The introductory vignette also included the manipulation. It consisted of a cue of group membership in terms of political party affiliation. 3 There were three between-subject conditions. Participants’ conversation partner either supported their favourite political party (ingroup condition) or their least favourite party instead (outgroup condition) based on their answer to the question ‘Below is a list of the 12 biggest political parties in Poland. Please select your most favorite party as well as your least favorite party’. 4 In a control condition, there was no information on the partner’s party affiliation. A series of checks shows that the manipulation worked as intended: participants in the ingroup condition thought they had more in common and identified more strongly with their partner than did participants in the outgroup condition (Supplementary Information 4).
Figure 2 shows the logic of the experiment. It consisted of participants viewing two videos in which their conversation partner voiced an argument and then answering several questions about how they would respond. Just like My Country Talks brings together citizens with diverging political views to talk politics, the conversation partner always voiced an argument going against participants’ expressed opinion on the refugee policy of the Polish government, based on their answer to the question ‘Some people say that the Polish government should receive more refugees from countries in the Middle East. Do you, on balance, AGREE or DISAGREE with this view?’ (cf. Jackman and Sniderman, 2006). One of the arguments related to potential cultural consequences of refugees coming to Poland, the other to potential economic consequences. We randomised the order of the arguments. For details on the video stimuli, see Supplementary Information 5.

Flowchart of the Experimental Design.
Dependent Variables
To measure participants’ propensity to deliberate, we asked participants after each video to rate four potential replies (Nr. 1–4) in terms of how likely it would be for them to respond in the respective way to their conversation partner on a scale from 1 (very unlikely) to 7 (very likely). The replies were always displayed in a random order (see Supplementary Information 6 for the replies rated by participants).
We selected the replies from what participants had written down in response to the same two videos in a pilot study, meaning that the presented options were realistic statements previously expressed by another Polish citizen (see Supplementary Information 1). Following our conceptualisation of deliberation as communication displaying reasoning and mutual respect, the replies were purposefully selected to reflect all possible combinations of a presence or absence of reasoning, on the one hand, and respectful language, on the other. We made sure the replies always related to the respective video being viewed by the participant (i.e. in favour of or against the cultural or the economic argument) and maintained consistency in the replies presented to participants in favour of and against the government’s refugee policy by minimally rephrasing the original reply where necessary.
The dependent variables are based on likelihood ratings provided by the participants after each of the videos (Supplementary Information 6).

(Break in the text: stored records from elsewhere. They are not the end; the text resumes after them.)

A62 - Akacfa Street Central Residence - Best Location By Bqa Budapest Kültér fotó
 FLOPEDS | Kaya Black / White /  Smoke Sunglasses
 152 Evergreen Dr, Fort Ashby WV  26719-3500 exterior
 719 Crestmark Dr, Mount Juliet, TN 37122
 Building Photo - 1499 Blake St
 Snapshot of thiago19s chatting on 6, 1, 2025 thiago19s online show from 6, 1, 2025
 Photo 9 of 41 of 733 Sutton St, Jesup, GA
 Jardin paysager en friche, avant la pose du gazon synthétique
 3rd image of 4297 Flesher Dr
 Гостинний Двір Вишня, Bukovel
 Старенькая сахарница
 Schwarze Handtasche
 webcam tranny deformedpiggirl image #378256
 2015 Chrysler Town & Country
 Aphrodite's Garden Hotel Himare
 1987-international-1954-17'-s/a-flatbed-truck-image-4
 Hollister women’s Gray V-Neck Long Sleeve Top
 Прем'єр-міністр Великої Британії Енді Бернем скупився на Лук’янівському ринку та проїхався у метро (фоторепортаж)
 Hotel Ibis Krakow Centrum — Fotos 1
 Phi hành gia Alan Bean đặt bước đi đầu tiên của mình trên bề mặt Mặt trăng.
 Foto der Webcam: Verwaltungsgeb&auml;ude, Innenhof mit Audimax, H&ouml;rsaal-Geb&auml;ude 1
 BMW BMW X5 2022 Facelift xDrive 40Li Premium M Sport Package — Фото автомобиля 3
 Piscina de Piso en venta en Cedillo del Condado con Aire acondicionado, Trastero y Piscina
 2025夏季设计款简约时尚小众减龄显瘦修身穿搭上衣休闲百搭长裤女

Deliberation is the score on the reply (Nr. 4) displaying both characteristics of deliberation (i.e. reasoning and respect), subtracted by the score on the reply (Nr. 1) showing no signs of deliberation. It thereby represents participants’ expressed likelihood to engage in deliberation rather than to refrain from it altogether (M = 0.95, SD = 2.16 (cultural argument); M = 0.88, SD = 2.02 (economic argument)). Reasoning is the average of the two replies including a form of reasoning (Nr. 2 and 4) subtracted by that of the two replies lacking reasoning (Nr. 1 and 3; M = 0.45, SD = 1.56 (cultural argument); M = 0.14, SD = 1.33 (economic argument)). Respect is the average of the two replies lacking disrespectful language (Nr. 3–4) subtracted by the average of the other two replies that did include disrespectful language (Nr. 1–2; M = 0.50, SD = 1.56 (cultural argument); M = 0.74, SD = 1.48 (economic argument)).
In addition, we measured respect by monitoring whether participants correctly answered a multiple-choice question about what their conversation partner had said at the very end of the survey to gauge whether they had listened to her (Listening; on recall as a measure of listening, see Scudder, 2021). It is coded as 1 for correct recall and as 0 otherwise (M = 0.58, SD = 0.49).
As scores on the dependent variables do not strongly correlate across the two videos (Figure A4), we conduct the analyses separately for each video.
Results
Figure 3 summarises the results (for details, see Supplementary Information 8). We do not find statistically significant effects of the group membership cues on Deliberation for either of the two arguments. We also do not find any significant effect of the experimental manipulation on Reasoning, Respect or Listening (Tables A8-A9). Additional analyses suggest that we can be confident that group membership cues (here: party identity) did not have the large effect on participants’ propensity to deliberate that one would expect to find based on prior observational studies (Supplementary Information 8).

Main Results by Argument Type. (a) Cultural argument. (b) Economic argument.
Conclusion
Theories of deliberation and observational evidence have long suggested that the less citizens identify themselves with the same group, the less likely they are to exchange arguments and show respect to each other when talking politics. This suggests that affective polarisation, with citizens sorting themselves into mutually opposing groups, is a key cause of the apparent scarcity of public deliberation in many democracies today. Here, we have tested this claim by means of a novel experimental design: the Poland Speaks experiment. Contrary to received wisdom, we find robust evidence that, on average, participants’ inclination to deliberate did not significantly differ based on whether they imagined talking to someone from a partisan ingroup or to someone from a partisan outgroup instead.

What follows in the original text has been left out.